Matthew Backhouse is an APNZ news reporter based in Wellington.

Shearer: 'Pettiness' of politics was boring

David Shearer. Photo / Mark Mitchell
David Shearer. Photo / Mark Mitchell

David Shearer says the point-scoring and "pettiness" of politics was boring and beneath him.

The former Labour leader made the comments on TVNZ's Q+A this morning as a new poll put David Cunliffe at the front of the party's leadership race.

Mr Shearer said he was relieved and disappointed to give up the leadership last month, but he also acknowledged it had been difficult and frustrating.

"The thing I found most difficult really was the pettiness of politics and being in opposition. A lot of it was petty, a lot of it was venal," he said.
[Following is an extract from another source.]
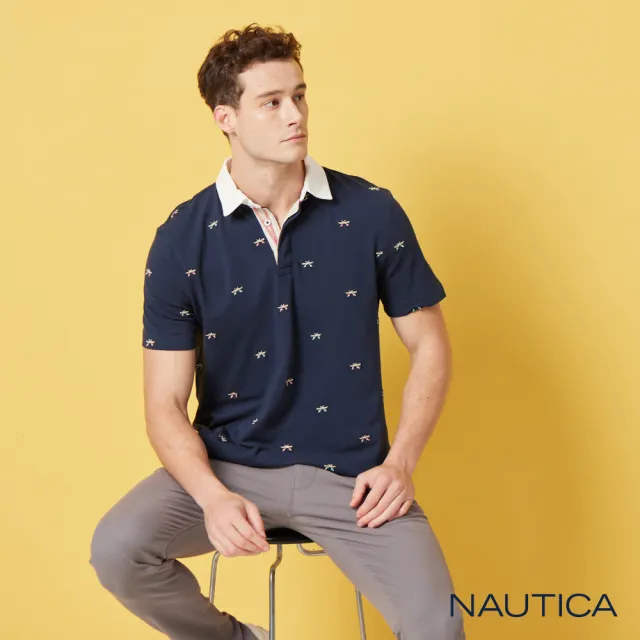 【NAUTICA】男裝 滿版小船刺繡短袖POLO衫(深藍色)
"Politicians from all sides come in to make difference, to actually get something done. And what you get caught up with, particularly as a leader, is point-scoring and that sort of pettiness.

"I just found it boring, I found it beneath me and I wasn't very good at it because of that. Other people thrive on it, they love it, I mean that's the thing they love about the arena of politics. To me, I found it below me."

Mr Shearer compared politics with his experience in conflict zones.

"I always felt, oddly enough, more comfortable in war zones than I did not so much in the Labour party, but in politics.

"I mean obviously in politics you're getting sniped at from all directions. In a war zone, you can generally tell who the good guys are and who are the bad guys."

He said the most frustrating thing was getting within two points in the polls of being able to take out National at an election.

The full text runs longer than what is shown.